Stella Teixeira de Barros - julho 99
Inscriptions/Written at the Chapel
The fluid and jelly matter is poured into a huge wooden mold, where 30 wicks are stretched, so when the work is placed in an upward position, they will be aligned vertically, allowing them to be lit on different heights. Slowly, the viscous paraffin wax starts to cool down until it is totally solidified. When this process is over, the “ chassis” for the painting is ready.even so, it will be kept horizontally inside this box while the painting is being made. The paraffin wax, more than just a mere base becomes part of the painting, and the painting would not be what it is without the fixed density carried by it. As a result, this painting when raised at the chapel, will be seen as thick pictographic wall that shall not embodied only the translucent of the wax, but the backside flames that lit, will consume it like a flame predestinated to extinction. Completely lit, the painting will also reflect on the opacity of the darkened walls of mud of this building, which may have not ever been a chapel, emphasizing the half lit indefinition brought by the flickering luminescence of Raquel Kogan’s installation.

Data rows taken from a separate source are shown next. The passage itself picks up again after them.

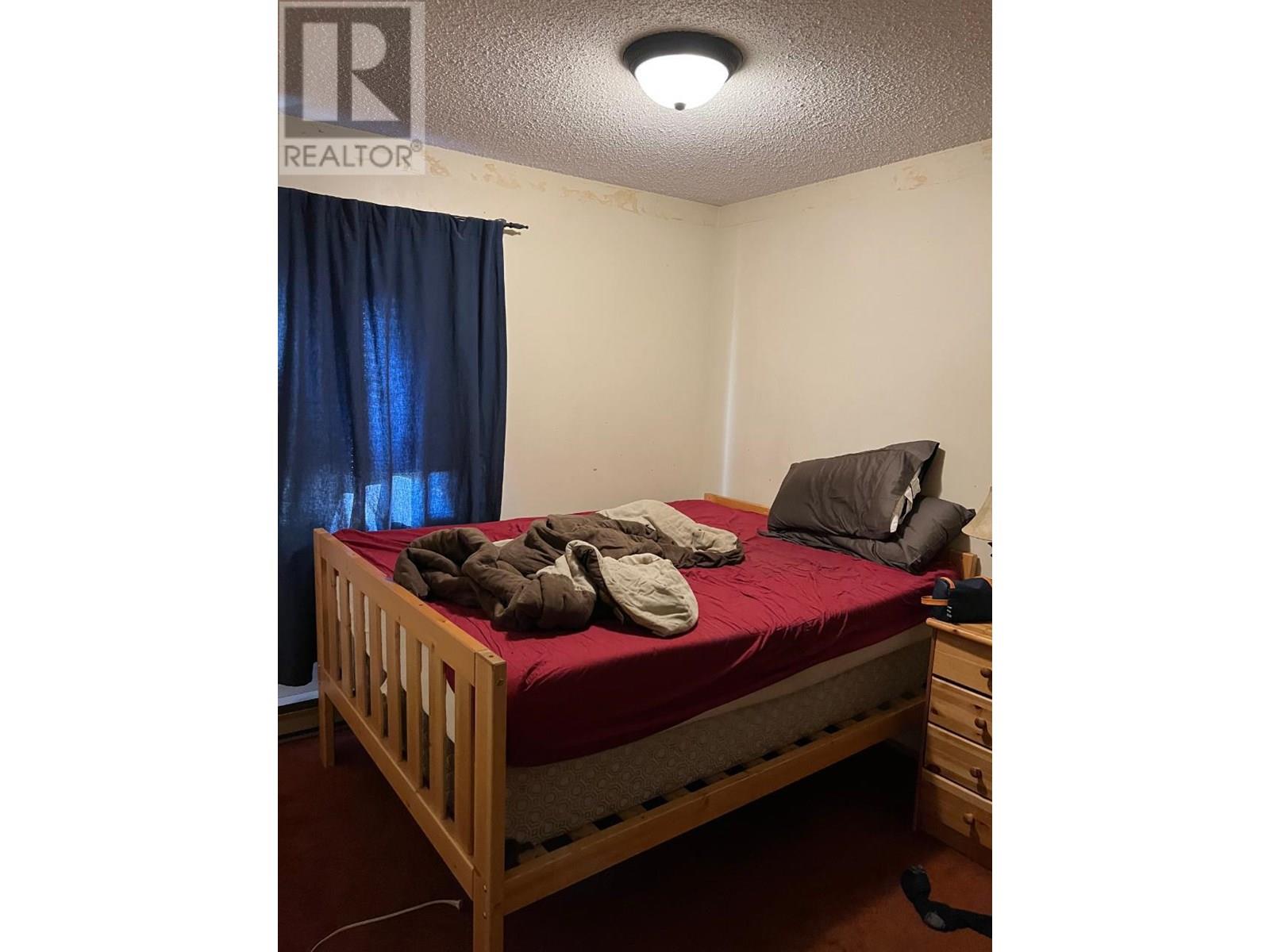 195 CHAMBERLAIN Crescent Unit# 206, Tumbler Ridge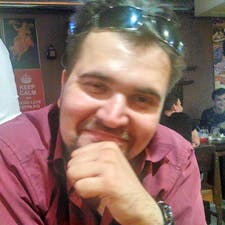 Freelancer Yury S. — Ukraina, Charków. Specjalizacja — Kompleksowe prace nad stroną internetową, Obsługa stron internetowych
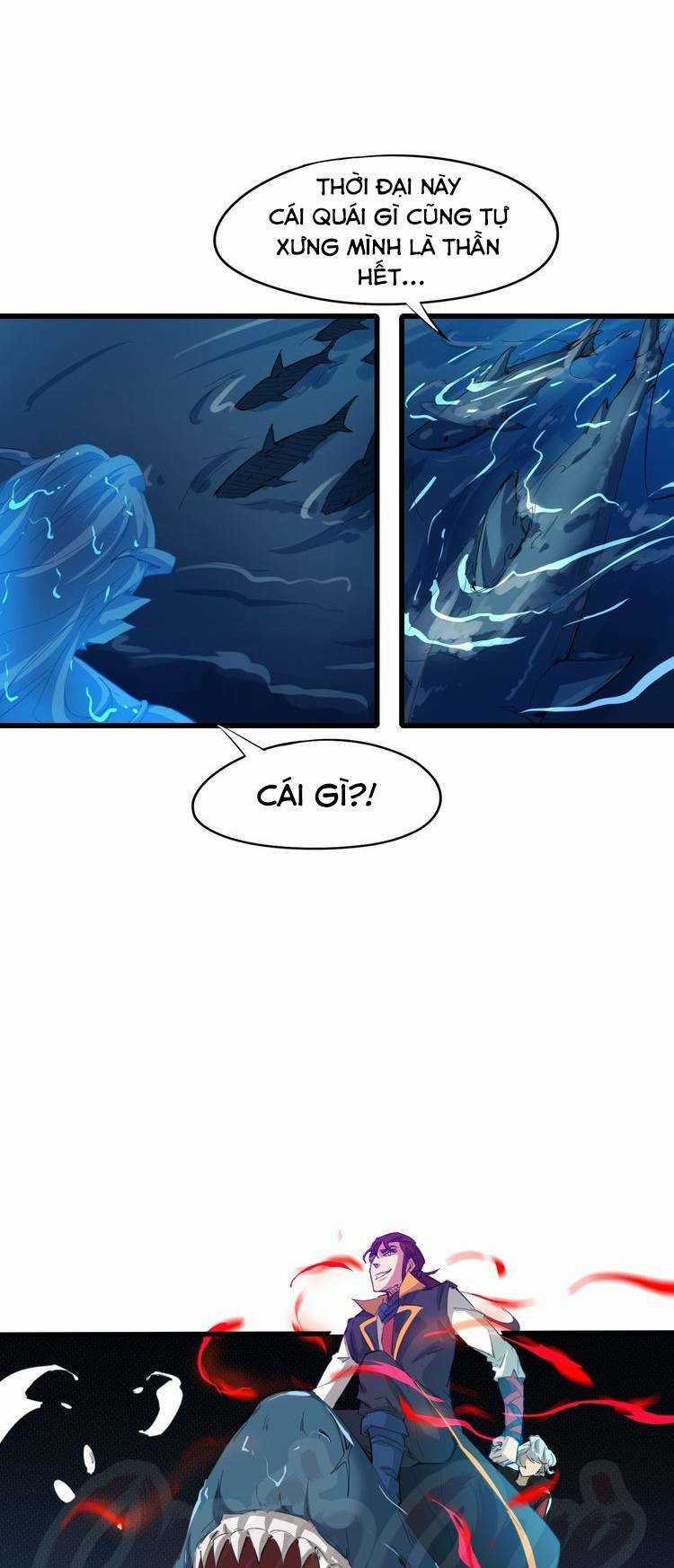 Long Mạch Võ Thần - Chapter 66 - Trang 51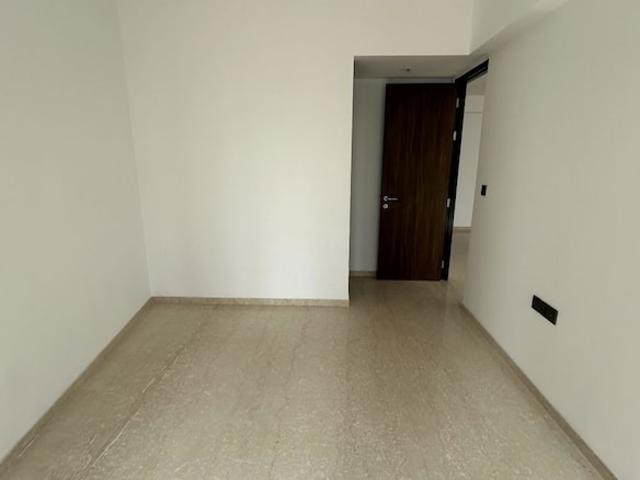 Lodha The Park 2 Bedroom 893 Sq. Ft. Apartment in Worli Mumbai Listing ID: #10014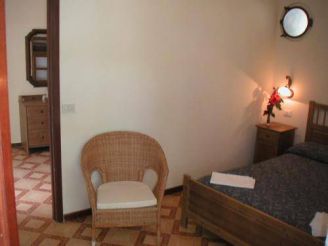 Apartament Scirocco (2 to 4 people)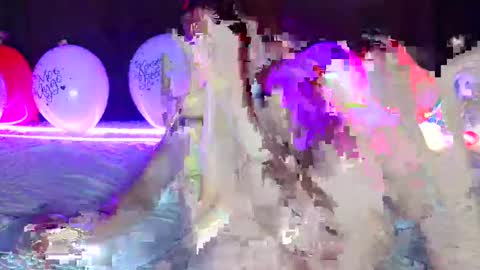 Student online show from 02.11.25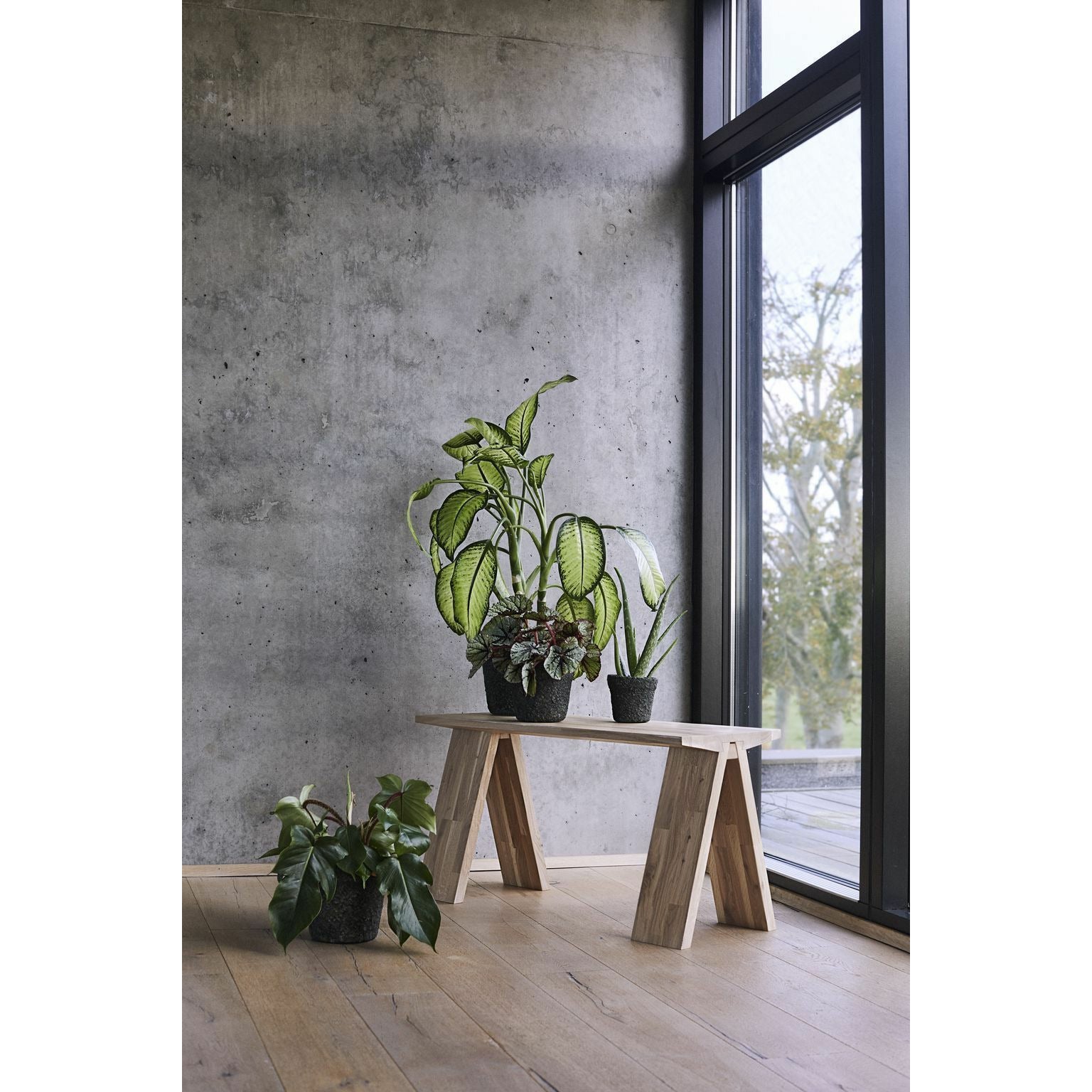 [product_category]-Muubs Angle Bench 90 Cm, Natural-Muubs-5713524028362-8910002111-MUU-8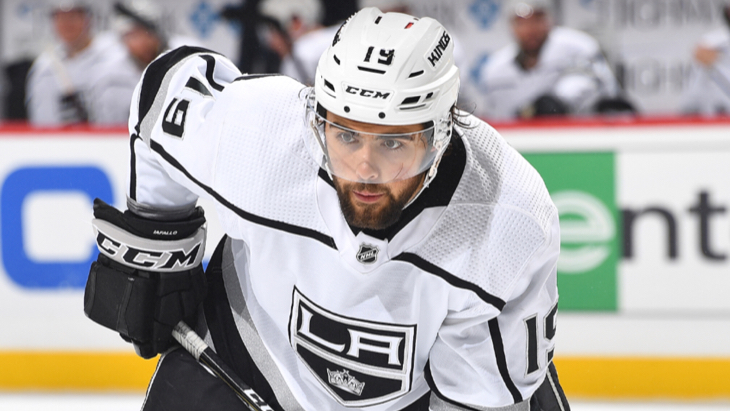 Алекс Иафалло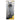Champ Proactive Sports Dual-Bristle Club Brush with Retractable Cord, Black-Golf Tech
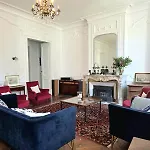 Chateau De Boismartin - Domaine Dans La Nature Holiday home Virsac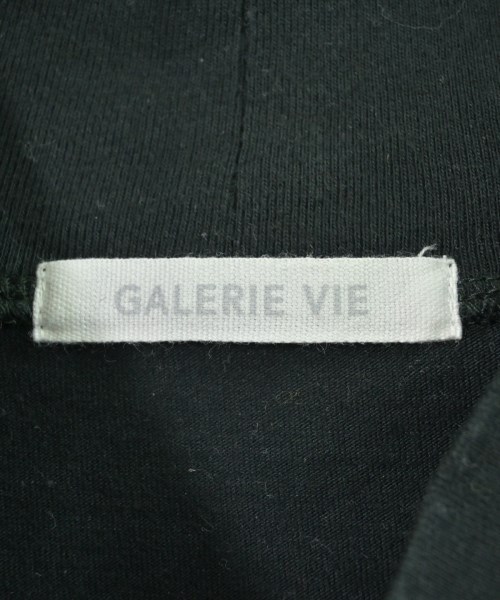 GALERIE VIE（ギャラリーヴィー）ノースリーブ 緑 サイズ:S レディース/2200609903056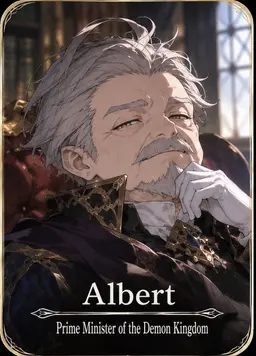 Profile image of Albert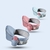 Imagem do Canguru ergonômico, carregador de bebê 3 em 1, com carregamento frontal, para bebês de 0 a 48 meses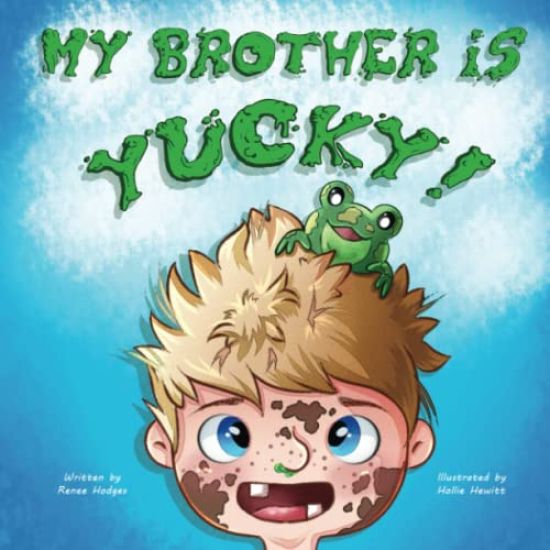 My Brother Is Yucky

The pictorial workmanship that organizes itself as a graphic texture starts to juxtapose itself by translucent layers intermingled by obsessive small incisions inscriptions-written drawings that add destroying and doing so constructing, intermixed by tissue paper pasting worked beforehand with same tenacity. They are pictograms, numbers, letters of the alphabet, words, small signs taken from their inherent meanings, more a scribble and a drawing than a readable writing, more an automatic writing than a text, more a palimpsest than handwriting. The diffused light of the matter does not work the decodification miracle of giving meaning to this writing that because of the inscribed and the gather of grooves, dents, patches, additions, interferences, graphite, numbers, letters, calligraphy,printed symbols, on an intense tone parsimony of multitude of grays becomes, on a flat surface, a linked writing, though indecipherable. Writing that will be real and concrete as a pictorial object, as an installation.
The proliferation of the graphisms replaces the handwritten annotation, written down between lines, on the margins, on the overlaps. As a text, it creates another comprehension that goes beyond the ordering of the printed signs. The ambiguity lays on the fact that a sign that should be helpful to decipher the writing only unfolds while the comprehension creates its own pictorial matter that through the obsessive beckon, impel from which flows out an epidemic sensoriallity, like the one found, for instance, in the tactile desire of Peter Greenway’s Pillow Book.
These pictograms also remind the small signs of Klee and Miró, the obsessivity of Pollock’s gestures, the allusive writing of Cy Tombly, the calligrams of the “pre-texts” of Mira Schendel. Whatever is the path trodden by Raquel Kogan it is resultant of an independent reflexive process, where outstands a tactile linear graphic texture, where pictographic inscriptions embodies the previous one and so on. In this texture what was visible became invisible or the opposite the invisible may become visible, since the previous writings can suddenly reappear through the action, of an engraver’s chisel, the gouge or pirographer.
Protected by the derangement of defaults and additions from the impenetrable memory doomed to be self consumed, all this obscure writing, which immerse in a senseless cacophony seems to come from some book of the Babel Library of Jorge Luis Borges. But it is also translate as the affirmation of the matter and light on plan surface, as an object and installation and above all as a painting.